Meredith Reitz is a Research Hydrologist for the USGS Water Resources Mission Area.

Dr. Meredith Reitz received a B.S. in Physics from Arizona State, with minors in Math, Astronomy, Political Science, and English. She completed a PhD in Physics at the University of Pennsylvania, where her advisor, Prof. Douglas Jerolmack, was a geomorphologist in the Earth and Environmental Science department. She then received a postdoctoral fellowship to work at Columbia University’s Lamont-Doherty Earth Observatory for two years. She has been with the USGS in Reston since August 2014, and works using remote sensing and ground-based data to estimate water cycle quantities of interest across the US.

Dr. Reitz’s work has generally focused on understanding the physical processes that drive dynamics of water and landscapes. Topics she has pursued have included methods for constraining remotely sensed evapotranspiration using ground-based data sources; the process and timescale of river channel movements on alluvial fans and braided rivers; the effect of vegetation on the stability and shape of sand dunes; and the interaction between river and tectonic systems. She has used a variety of methods in her research, including running physical experiments, analyzing time series images, topography, and remote sensing data with scripts written in Python (and ArcGIS/ ArcPy), MATLAB, and ImageJ, proposing new analytical treatments, and writing numerical models. 

 

Current work

In her current research, Dr.

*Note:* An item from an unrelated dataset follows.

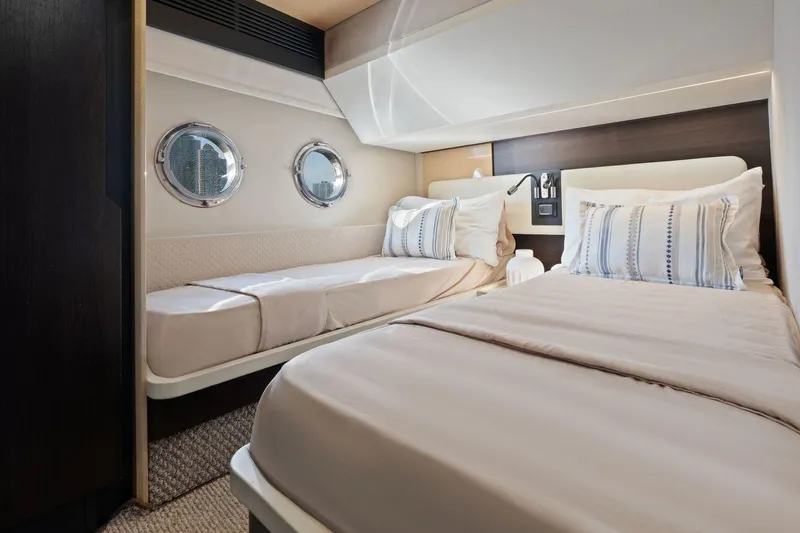Slide: The Image of Luxurious twin cabin interior of 2017 Azimut 66 yacht with porthole windows. - 34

Reitz is working toward estimating evapotranspiration, recharge, and runoff rates across the contiguous U.S., combining various methods and remote sensing as well as ground-based data sources.

She is a part of the team working on the Mississippi Alluvial Plain groundwater availability study. The project aims to improve our understanding the dynamics of groundwater availability in the water-stressed agricultural region of the Mississippi Alluvial Plain. Dr. Reitz’s work will further the water budget aspect of the project.

 https://www2.usgs.gov/water/lowermississippigulf/map/

Dr. Reitz is also a PI on two Powell Center synthesis projects. The first one aims to better understand the utility of GRACE data (from the Gravity Recovery And Climate Experiment satellites) for remotely measuring water storage change, by bringing together GRACE data developers with researchers working on regional and national-scale groundwater modeling and field monitoring in a synthesis project. The second one aims to better understand the impacts of anthropogenic influence on global river basins, using remotely sensed and other data to develop a framework to better quantify the impacts of land use changes on ET and the water cycle.